A major review has been launched to see if opportunities were missed by social services to protect Arthur.

The government has vowed to act on any recommendations and the case could prompt an overhaul over how vulnerable children are cared for.

Arthur was starved and poisoned in the run up to his death at just six-years-old (Picture: PA)

Former minister Tim Loughton said we all have a duty to make sure other at-risk youngsters are not let down by social care like Arthur, whose body was found to be covered in 130 bruises following his death.

He wrote in The Sun: ‘Funding for children’s social care has lagged behind and social workers are overstretched and undervalued, when in truth they should be revered as our fourth emergency service.

‘Early interventions to stop the causes of safeguarding problems have been diluted to late interventions to firefight symptoms.

‘This is a false economy where in this case a child paid with his life.
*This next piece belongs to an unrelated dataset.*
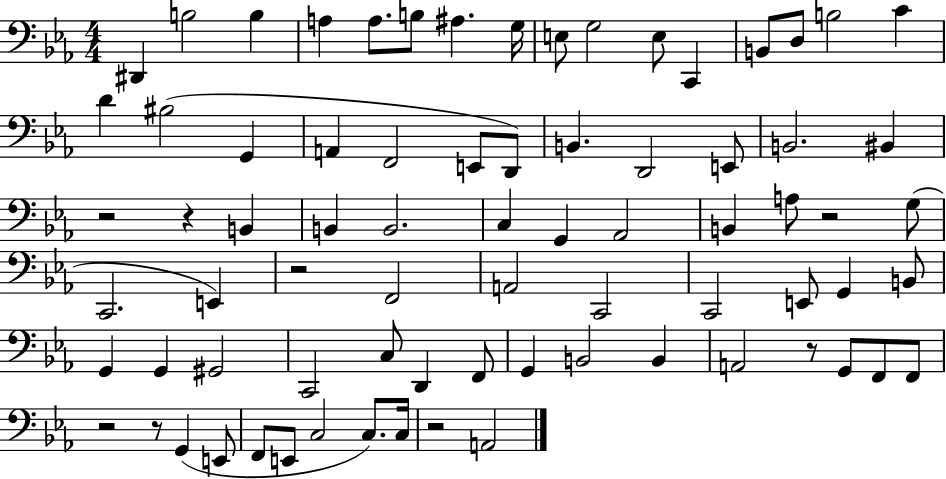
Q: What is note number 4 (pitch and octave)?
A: A3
We all have an interest in putting this right urgently and a duty to make sure it is.’

Solihull’s Local Child Safeguarding Partnership launched an independent review after it emerged in court that the boy had been seen by social workers just two months before his death, but they concluded there were ‘no safeguarding concerns’.

Questions have been raised over whether the closure of schools during lockdown was a factor in signs of abuse being missed (Picture: SWNS)

Boris Johnson said investigators should leave ‘absolutely no stone unturned’ to establish what went wrong in the ‘appalling’ case.

The review is expected to look at whether lockdown and the lack of oversight from teachers played a role in signs being missed.

Former children’s commissioner for England Anne Longfield said very vulnerable children ‘have continued to slip from view’, and that she is ‘heartbroken’ and ‘sickened’ by the killing.

She told BBC Radio 4’s Today programme: ‘For anyone who looks at the serious case reviews, or hears about them, that come after a child’s death, you will see the same things coming up time and time again – missed opportunities, lack of co-ordination, lack of data-sharing – the things that professionals need to have at hand to be able to protect these children, which still aren’t in place.’

Education secretary Nadhim Zahawi is expected to address parliament about the implication of the case on Monday.